Employment Appeal Tribunal gives comprehensive guidance on the correct approach to applications to extend time
A litigant wishing to appeal against a decision of the Employment Tribunal must issue a Notice of Appeal within 42 days of either the Tribunal’s order or the date on which the written reasons were sent to the parties.
The EAT Rules were amended with effect from 30 September 2023 to include rule 37(5). The new rule created an extra route by which the EAT may extend time for issuing an appeal where there has been a ‘minor error’ in complying with the requirement to submit relevant documents. That rule has been the subject of recent guidance in Melki v Bouygues E and S Contracting UK Ltd [2024] EAT 36.
Moreover, the Court of Appeal has recently given guidance in Ridley v HB Kitley and related appeals [2024] EWCA Civ 884 on the principles which apply to an application to extend time within rule 3(1) (following the leading case of Abdelghafar), in cases where the appellant’s error was not ‘minor’.
In AB v University of East London and related appeals [2024] EAT 157 (‘AB’), Mrs Justice Eady, President of the EAT heard 5 conjoined applications to extend time.

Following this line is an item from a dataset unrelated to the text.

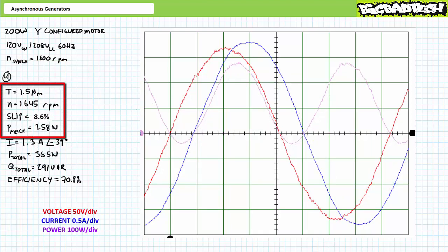Let's again increase oppositional torque, this time to 1.5 newton meters. Speed drops to 1645 RPM and slip increases to 8.6%. The motor is producing roughly 258 watts of mechanical power output, a little past the 200-watt rated condition — we might be beyond the region of peak efficiency.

In each case a claimant before the ET sought to file their appeal to the EAT within the 42-day time limit but failed to supply all the documents then required under the EAT rules. In each case, the claimant applied for an extension of tome after rectifying the relevant omissions. Eady J heard all of the appeals together and gave all of the parties the opportunity to submit representations specifically addressing the Court of Appeal’s decision in Ridley.
In her decision, Eady J drew together all of the recent case law in order to provide guidance on the correct approach to determining an application to extend time.
At paragraph 27 of AB, Eady J sets out 7 separate principles which together describe the correct approach to considering a proposed appeal to the EAT where there has been a failure to lodge all of the documents in time. Her guidance draws together all of the principles established by recent case law and reflects the recent changes to the EAT’s rules and practice directions.
The five conjoined appeals in AB were heard together and decided by the president of the EAT with the specific intention of producing a decision that would provide useful guidance to judges and practitioners on an area of employment law which has evolved rapidly in a short period of time. All practitioners who conduct cases in the ET and EAT would be well advised to read the decision carefully.
Harry Sheehan acted for the successful Respondent in Samuels v Search Tansley and Company Limited, one of the five conjoined appeals in AB.